To be even less conformist than this, someone needs to criticize and dispute. For instance, they could definitely qualify by explicitly rejecting the essential philosophical foundations of the Right Ideas. Then they occupy an identifiable relative slot in this 1-D vision, despite their total opposition to the entire basis of it. Like the Off setting on a volume knob, nevertheless they're treated like they're actually the same as level 0. Rather than having deeply contemplated ideas of their own, they're pictured as just lacking everything that's valuable or meaningful.

Worse, regardless of their intent, their antithetical positions happen to suit the role of a villain in the insiders' vision. Merely expressing negative judgments about the Right Ideas can reduce them to targets of animosity.
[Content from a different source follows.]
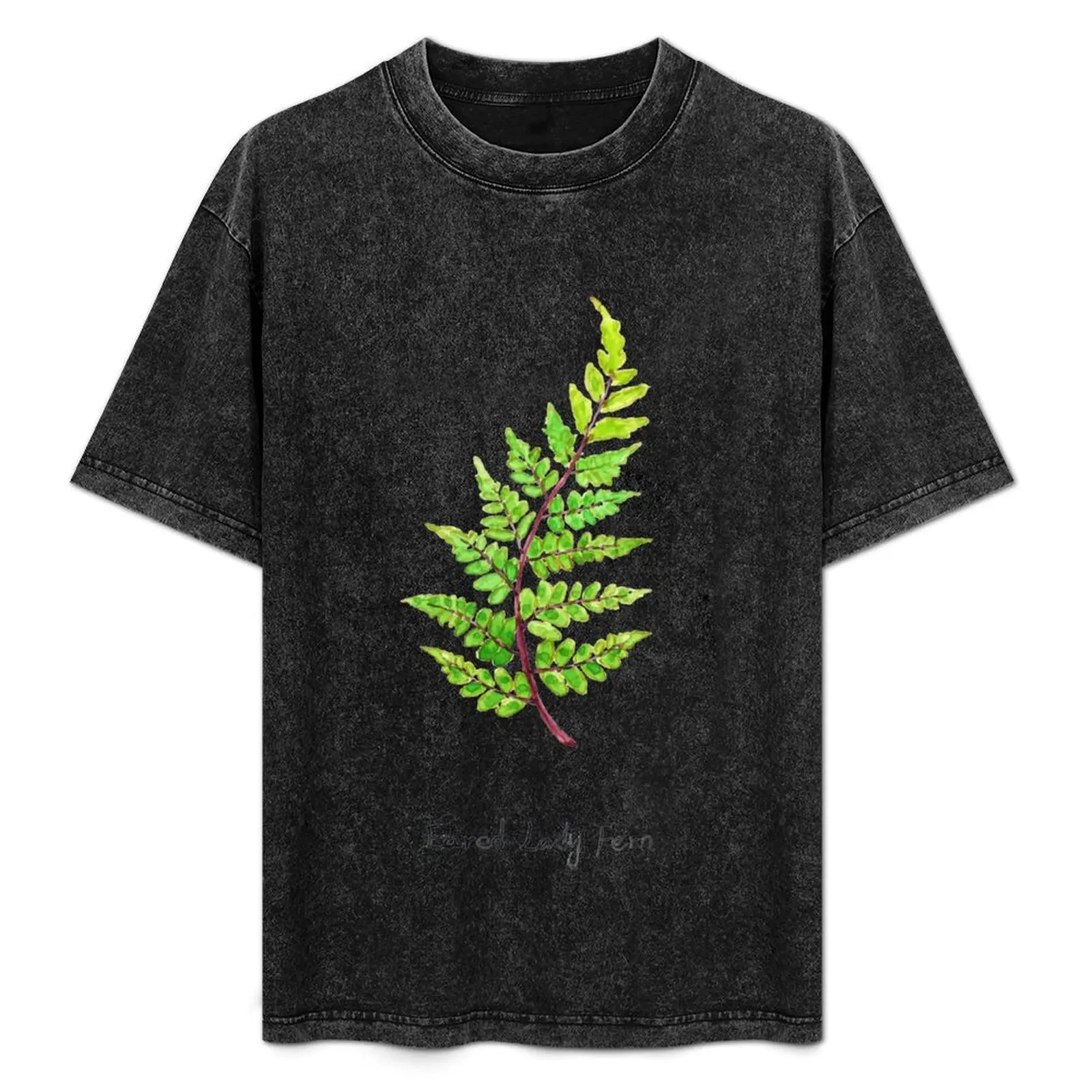 

eared lady fern watercolor T-Shirt Soft Durable Cotton T-Shirt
When worth or goodness is measured by degree of agreement with specific precepts, then someone with too little agreement—or outright disagreement—can end up "worthless" or "evil". To object too directly or forcefully is to invite unflattering associations with the other opponents that exist in their beliefs...no matter how nonsensical. ("I assume you spread subversive arguments on behalf of the infernal masters you adore?")  

In effect, the insiders are under the impression that 1-D vision can supposedly accommodate principled nonbelievers more easily than believers who follow a different conception of Right Ideas. These alternative believers can't be situated using the chosen singular dimension. They don't have any clear relationship whatsoever to the (only) Right Ideas; someone who repudiates the Right Ideas does. Therefore, assuming they know their place and accept it quietly, the alternative believers tend to be tolerated at a cautious metaphorical if not literal distance.

The remedy is obvious, but I'll mention it anyway. Instead of attempting to mistakenly cram nonbelievers into a 1-D vision of religious beliefs, insiders would gain greater understanding if they broadened their perspective and permitted subtler comparisons.